Fair Work Australia (FWA) may make orders to stop industrial action in specified circumstances, and it may also set out restrictions on payment to employees during periods of industrial action.

Master Builders is very experienced in helping members respond to industrial activity, and can represent members at Fair Work Australia. For more information or to discuss your options, contact Master Builders.

What is ‘industrial action’?

Employee industrial action

‘Employee industrial action’ includes:

  • The performance of work in a way that is different from the way in which work is usually performed or adopting a practice in relation to work that results in a restriction or limitation on or delay in the performance of work
  • A ban, limitation or restriction on the performance of work or on the acceptance of work
  • A failure or refusal to attend for work or a failure or refusal to perform work by the employees who attend for work.

Employer industrial action

Employer industrial action may be in the form of a ‘lock out’ of employees. A lock out takes place if an employer prevents the employees from performing work under their contracts of employment, without terminating those contracts.

Protected industrial action

Protected industrial action means that employers, employees or their bargaining representatives may legally take industrial action during bargaining.

Certain requirements must be met by an employer, employee or their bargaining representatives for industrial action to be protected.

For example:

  • The bargaining representatives must be genuinely trying to reach agreement
  • The bargaining representatives must not have contravened any orders in relation to the industrial action or bargaining
  • The bargaining representatives must have given proper notice of the industrial action
  • The bargaining representatives must not have organised or engaged in industrial action before the nominal expiry date of the enterprise agreement
  • There must be no suspension or termination order of the industrial action or serious breach declaration in operation.

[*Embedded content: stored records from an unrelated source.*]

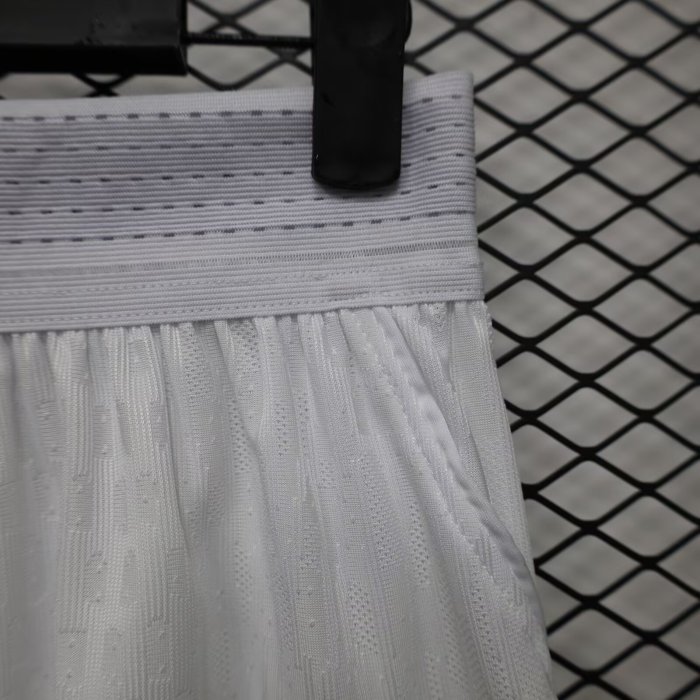2026 World Cup France Home Player Version Shorts Pants (球员短裤)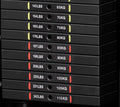 110kg Weight Stack Upgrade For BodyIron® FTB90 / BFX250 Functional Trainers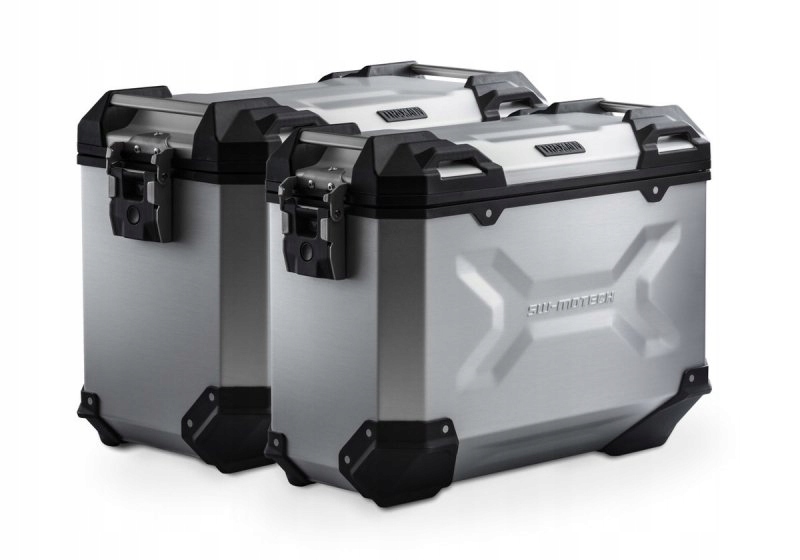 PRÍPADY TRAX ADV HONDA CRF1100L AF SILVER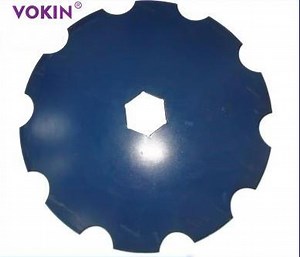 [Hot Item] Lemken Harrow Disc in Boron Steel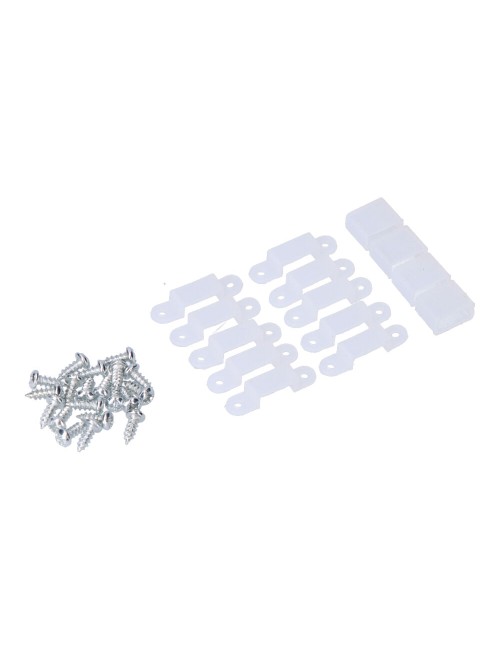 Tira led adhesiva 4,5 w/m 20 lm/w 24 v dc ip65, 5 m x 12 mm, rgb, multicolor, wifi tuya app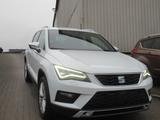 Seat Ateca Xcellence 4Drive-NAVI-LEDER-AHK-LED-KAMERA - Seat Ateca in Essen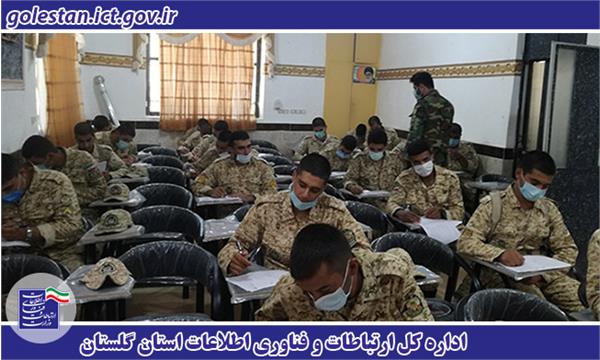 مهارت آموزی بالغ بر 100 سرباز حوزه ICT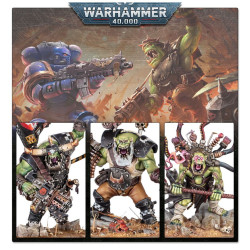 WH40K: GETTING STARTED WITH ORKS (ENG)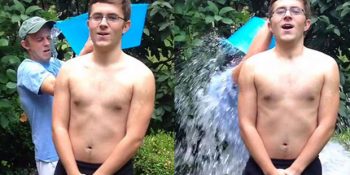 21 Başarısız Ice Bucket Challenge Denemesi #ICEBUCKETCHALLENGE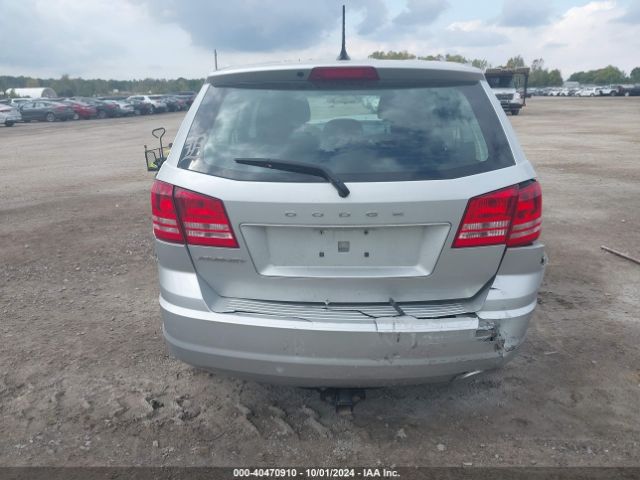 3C4PDCAB0ET133274 Dodge Journey American Value Pkg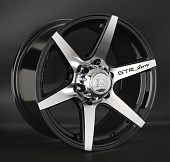 Диски LS wheels LS800 9 х 18 6*139,7 Et: 25 Dia: 106.1 серый матовый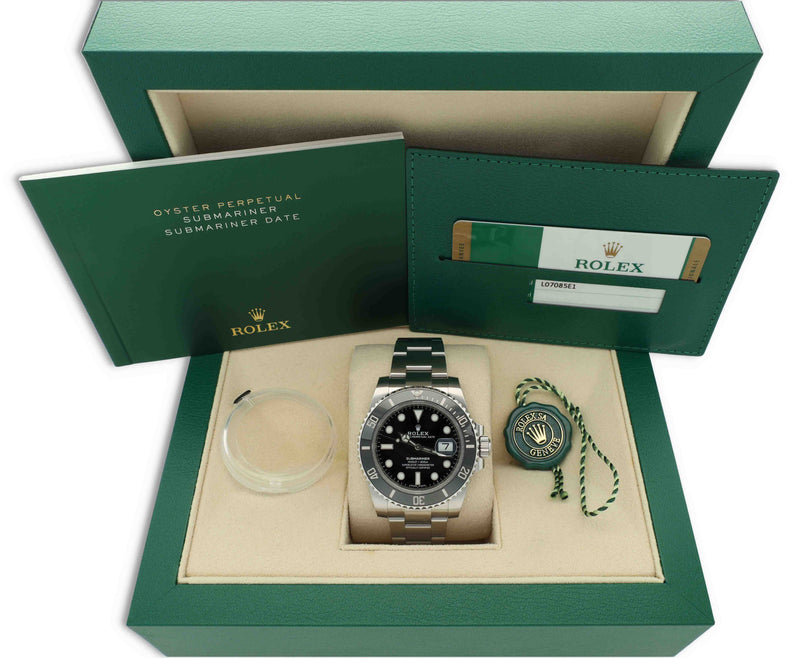 Rolex Submariner 116610LN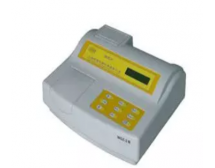 WGZ–3AP (配有內置打印機)濁度計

Unprotected industrial action

Industrial action that is not carried out in accordance with the Act, or that contravenes any orders made by FWA, is unprotected industrial action. Employees who take part in unlawful (i.e. unprotected) industrial action may also be exposed to liability at common law or under the Building and Construction Industry Improvement Act 2005.

Employers have various options available to them when responding to unprotected industrial action including:

  • Seek s418 FWA’s Orders Stopping Industrial Action (also known as return to work orders)
  • Notify FWA of a dispute and seek recommendations (these are not binding)
  • If a S418 order is in place or an enterprise bargaining agreement has not passed its nominal.

Seeking an s418 order

Master Builders can help you prepare and draft an s418 order, and act as your representative to FWA.

Master Builders unprotected industrial action questionnaire will help you collect the information you need from employees and contractors for evidential purposes.

Employers seeking an s418 order should:

  1. Identify the event/s that have actually occurred and why the event/s amount to unprotected industrial action.
  2. Make a decision about seeking s418 orders, and then don’t waste any time following through.
  3. Contact Master Builders, who will notify FWA that an application is pending.
  4. Ensure a person, who has seen the event/s and spoken with the relevant union/s about the industrial activity, is able to complete sworn statement and appear in the witness box.
  5. Ensure the relevant managers and witnesses are available to attend FWA in person and at short notice.

Site safety exception to industrial action

If an employee refuses to perform work because of a reasonable concern for their immediate health or safety, this will not be regarded as industrial action. However, the employee must not unreasonably fail to comply with a direction of the employer to perform other available work, whether at the usual workplace or another workplace, providing that work is safe for the employee to perform.